Depois fui analisar a roupa que iria vestir.
Mas, depois de curtir minhas novas coisinhas, fui pensar: "Onde ele quer chegar com tudo isso? E por que ele me escolheu?".
Não conseguia entender nada. E parece que não havia nada para entender. Nada além de tudo.

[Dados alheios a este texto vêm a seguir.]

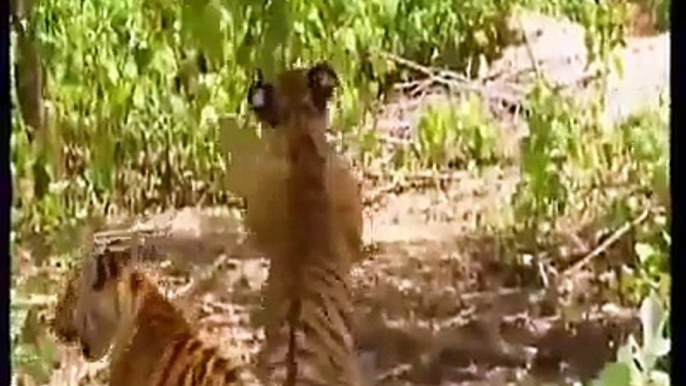 A monkey bullies two tigers! (Funniest Video Ever)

domingo, 7 de novembro de 2010

A Pianista e o Colar - Capítulo IV

Três dias após a noite do sequestro, surgiu a oportunidade perfeita. Havíamos acabado de desembarcar de avião na França (Descobri que ele estava dirigindo até o aeroporto aquele dia. Só não me pergunte onde ele arranjou aquele carro porque eu não faço a mínima ideia.) Ele me deixou segurando uma mala preta enquanto disse que ia ao banheiro. A mala estava trancada com cadeado. Eu queria abri-la, mas não havia como. Mas eu tinha a minha primeira perfeita oportunidade de fuga, e não a perderia sem tentar.
Olhei para os lados. Nem sinal dele. Meus lábios se converteram num sorriso travesso, como que uma criança que ansia ficar sozinha para pegar outro pirulito no pote da cozinha.
Então, num impulso insano, saí correndo em disparada, desejando ter a liberdade outra vez em minhas mãos. Mas, o que eu estava pensando? Não tinha nem quinze anos, e estava sem nada, a não ser pela mala trancada em minhas mãos que eu furtara dele. Sorri outra vez ao pensar que o deixei sem a mala.
Segui por um corredor comprido, que tinha uma grande placa escrito "arrived",
"chegada". Virei a esquerda e segui por outro, dobrei a esquerda novamente e então a direita, e finalmente vi uma fila de carros pratas com plaquetinhas em cima que deveriam ser os táxis. Parei diante de um. finalmente, pensei no que estava fazendo.
Se eu entrasse em um táxi agora, e sumisse das vistas de meu misterioso sequestrador, o que seria da minha vida? Eu não queria avaliar as minhas possibilidades, já que não eram as melhores que já tive, garanto. Mas era necessário. Meus olhos se encheram de lágrimas, que não desapareciam e nem escorriam por meu rosto. Meu destino era algo absolutamente incerto. O destino sempre é algo incerto, mas na situação em que eu me encontrava, isso parecia assustador.
Minhas pernas se dobraram, involuntariamente, e eu me sentei no chão frio do aeroporto. Desejei estar em casa. Desejei estar no Brasil de novo. Desejei ter meus pais vivos e uma lar. E meus intensos desejos faziam a dor daquele momento aumentar.
Senti uma mão em meu ombro. Era ele. Havia me encontrado. Não estava mais sozinha.
- Não precisa tentar fugir. Mesmo porque você não conseguiria.
Senti uma frustração por saber que, no fundo, as palavras dele eram verdadeiras. Mas, apesar de tudo, um certo alívio acompanhou a frustração. Eu estava "salva". Pelo menos naquele momento.